→ Exercise aim: Given the records below, the lines starting at the line with "BMW 7-Series 740i xDrive M Sport" and ending at the line with "Pelatih Dejan FC, Budi" should be output exactly, both end lines kept and pictures left out.

→ Listed records:
<<<<

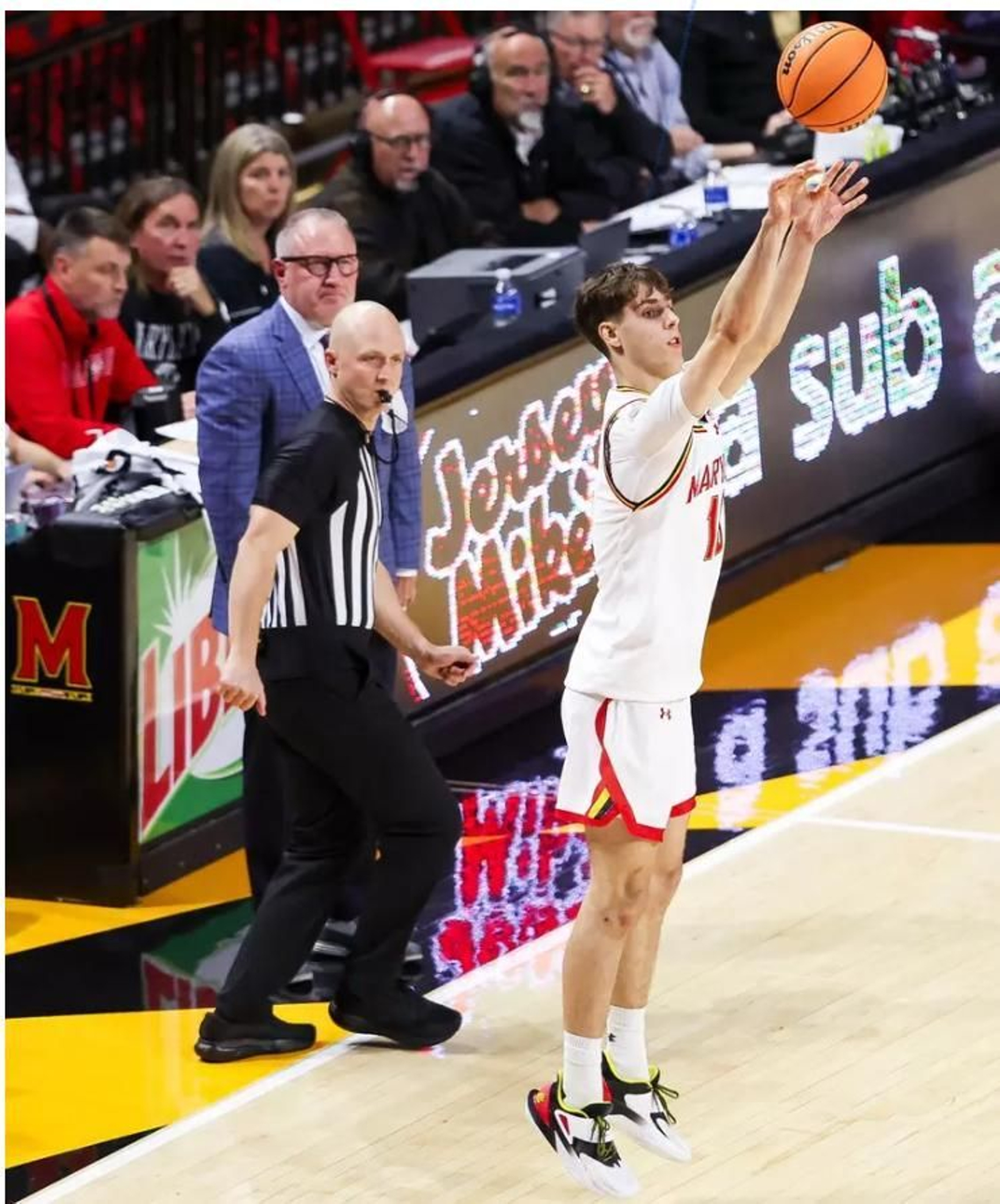 NCAA: Mario Saint-Supéry brilla en el triunfo de Gonzaga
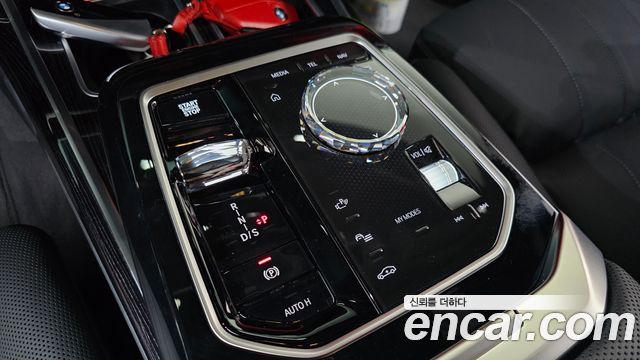 BMW 7-Series 740i xDrive M Sport
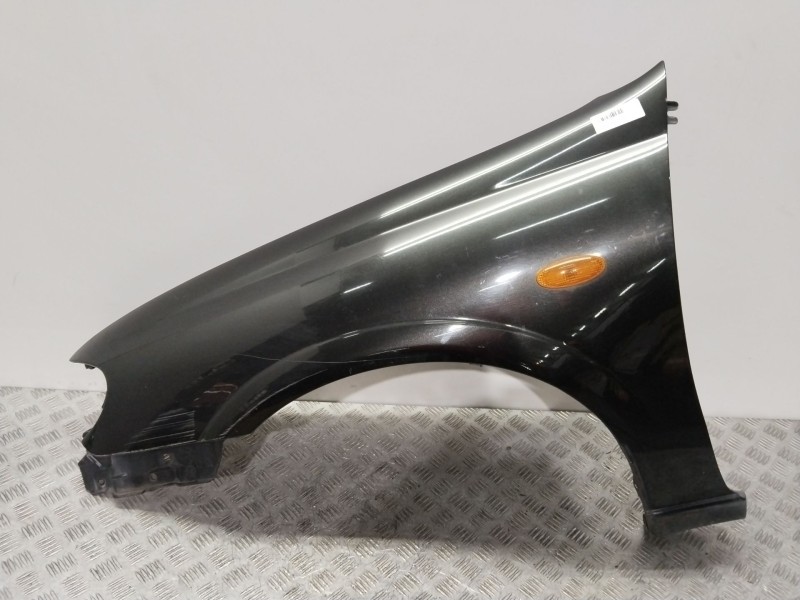 Recambio de aleta delantera izquierda para nissan almera ii hatchback (n16) 1.5 referencia OEM IAM 63101BN730  NEGRO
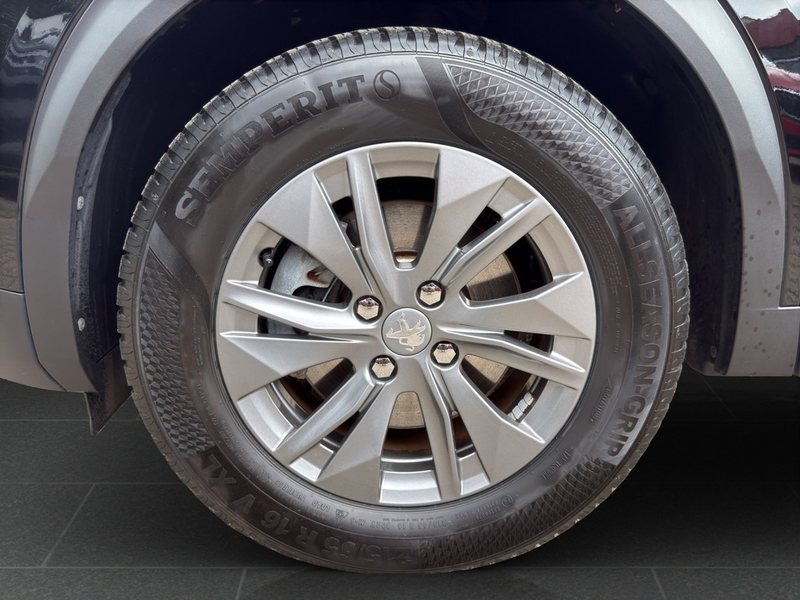Peugeot e-2008 — photo 9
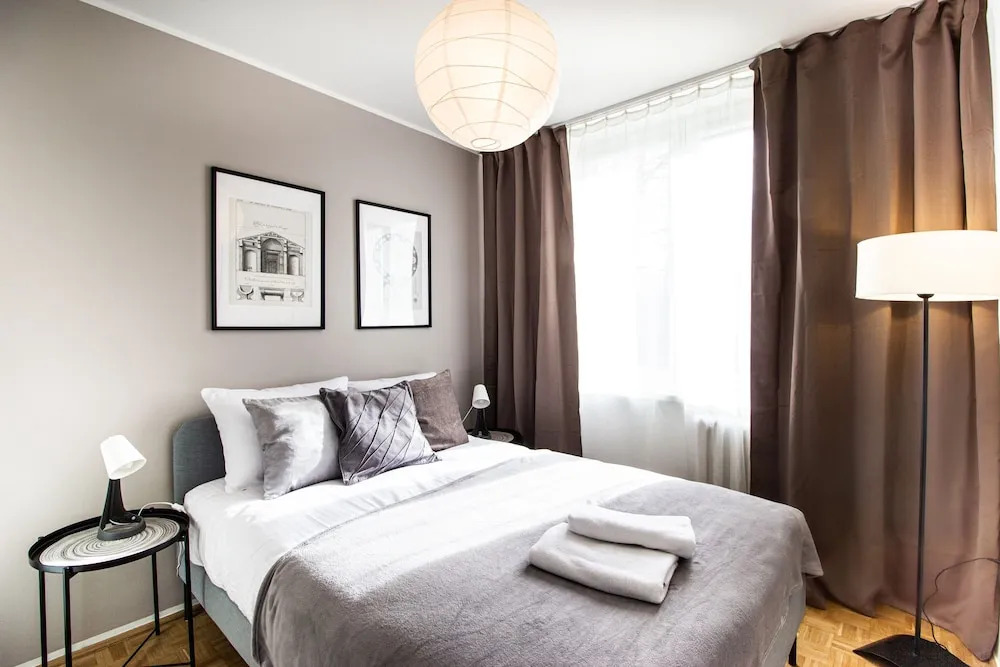 Saska Kepa Velvet Apartment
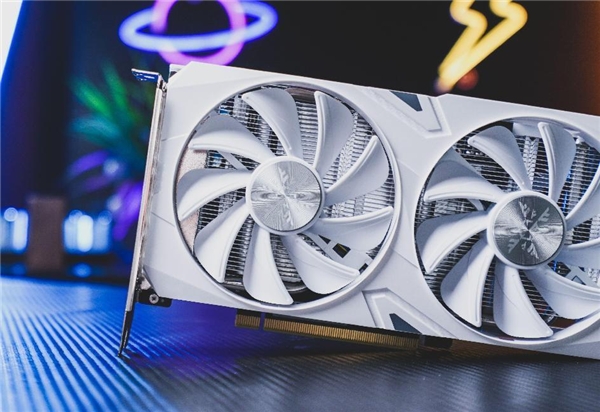 四年之約不負等待,耕升 GeForce RTX 4060 踏雪+DLSS 3實現(xiàn)百幀玩光追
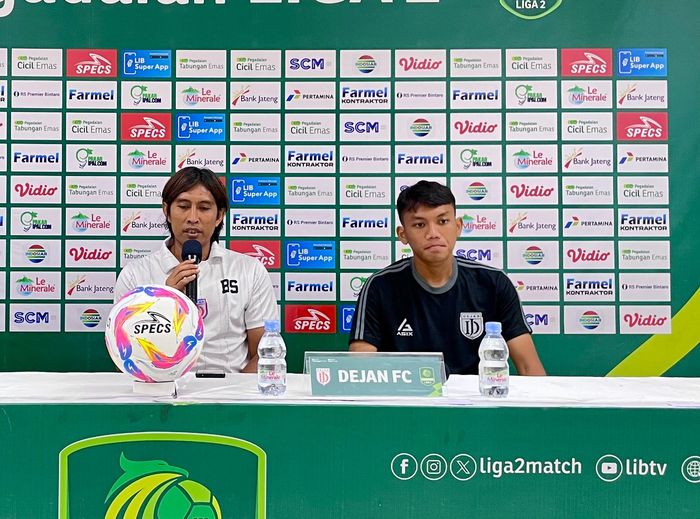 Pelatih Dejan FC, Budi Sudarsono, saat konferensi pers jelang lawan Adhyaksa FC pada laga terakhir Grup I play-off degradasi Liga 2 2024/2025 di Stadion Sriwedari, Surakarta, Sabtu (16/2/2025).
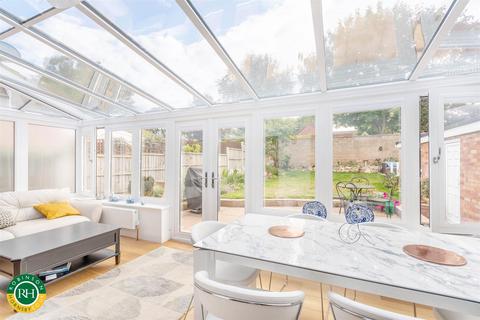 57 The Avenue, Bessacarr, Doncaster, DN4 5JZ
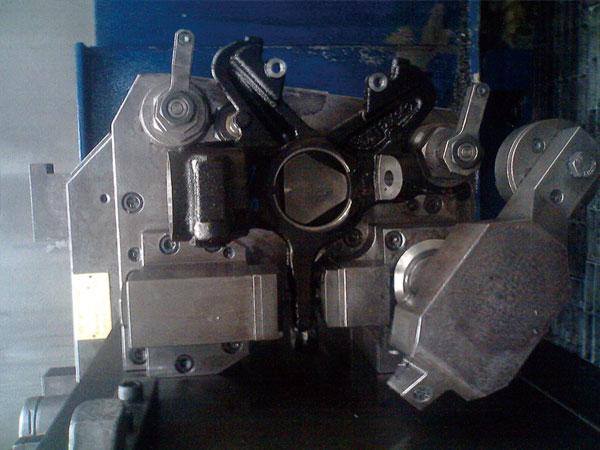 轉向節(jié)柱夾具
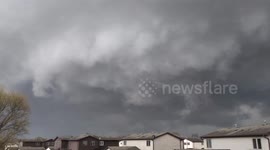 US: Giant Cloud Swirls Over Illinois in Tornado Attempt
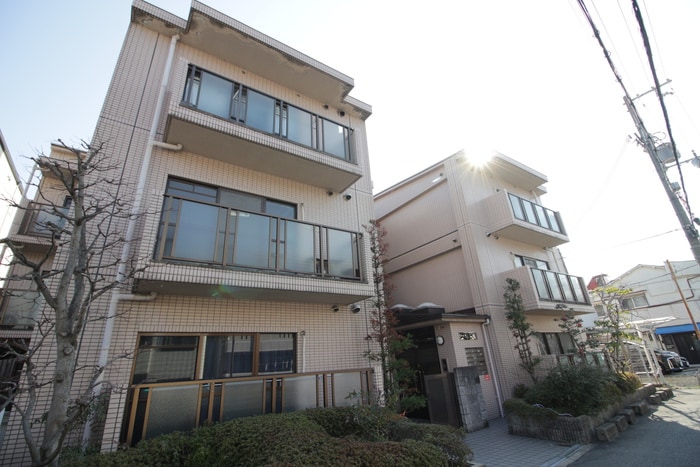 エルヴェ服部の物件外観写真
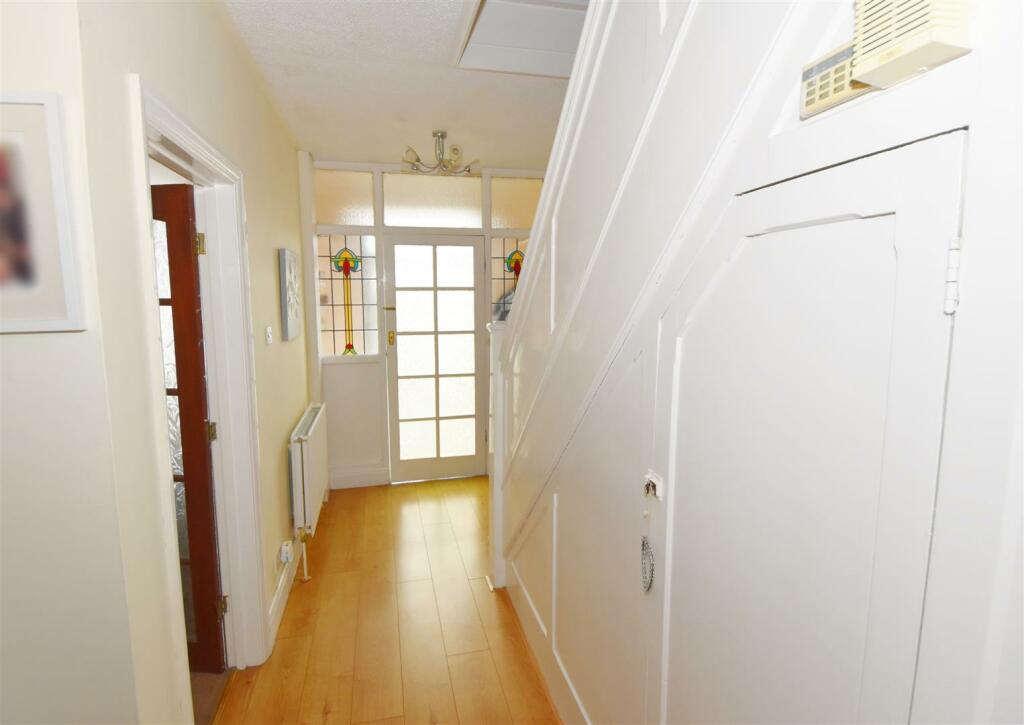 Additional image 26 of Stoneleigh Crescent, Bristol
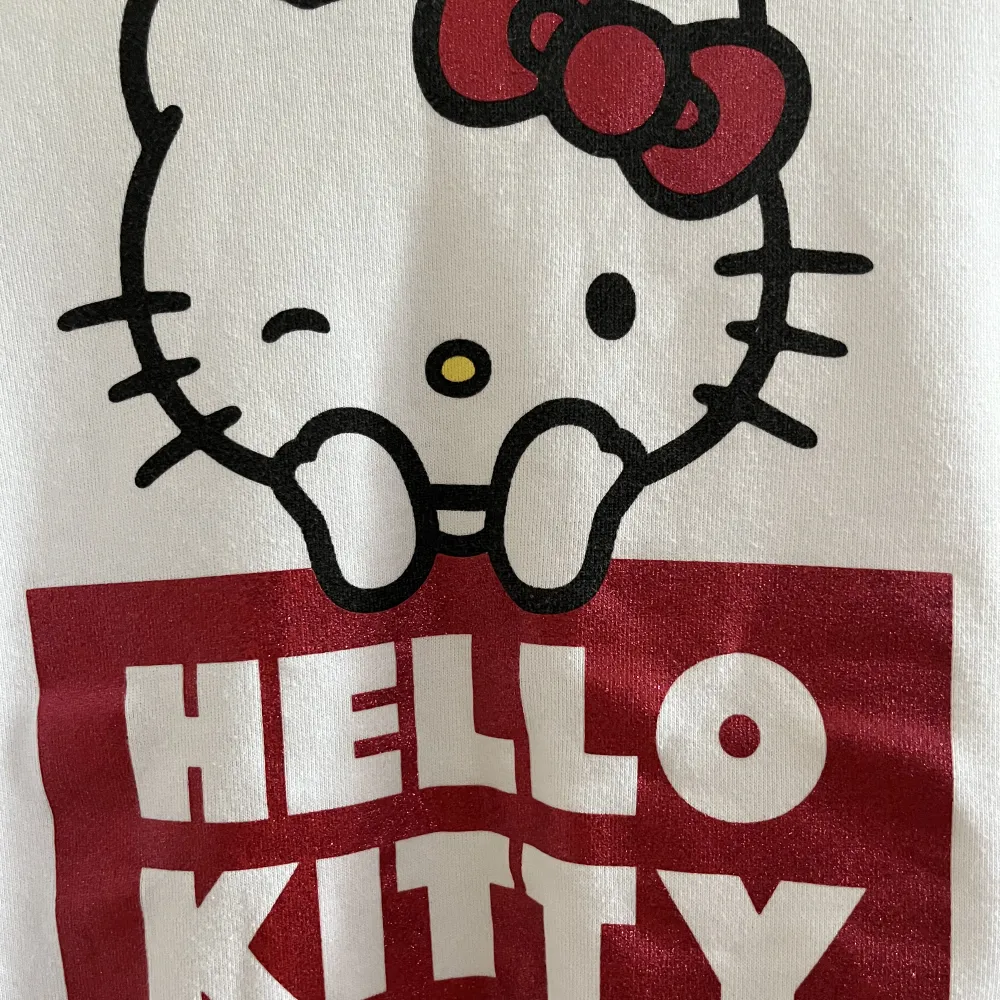 Söt Hello Kitty tröja i bra skick. Bredd axlar 40cm. Bredd under ärmarna 43 cm. Längd 53 cm. OBSERVERA‼️ mellan XXS och XS. Kolla måtten! #hellokitty #hellokittysweater #sanrio #cute #kawaiistyle . Hoodies.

>>>>

→ Exercise response:
 BMW 7-Series 740i xDrive M Sport
 Recambio de aleta delantera izquierda para nissan almera ii hatchback (n16) 1.5 referencia OEM IAM 63101BN730  NEGRO
Peugeot e-2008 — photo 9
 Saska Kepa Velvet Apartment
 四年之約不負等待,耕升 GeForce RTX 4060 踏雪+DLSS 3實現(xiàn)百幀玩光追
 Pelatih Dejan FC, Budi Sudarsono, saat konferensi pers jelang lawan Adhyaksa FC pada laga terakhir Grup I play-off degradasi Liga 2 2024/2025 di Stadion Sriwedari, Surakarta, Sabtu (16/2/2025).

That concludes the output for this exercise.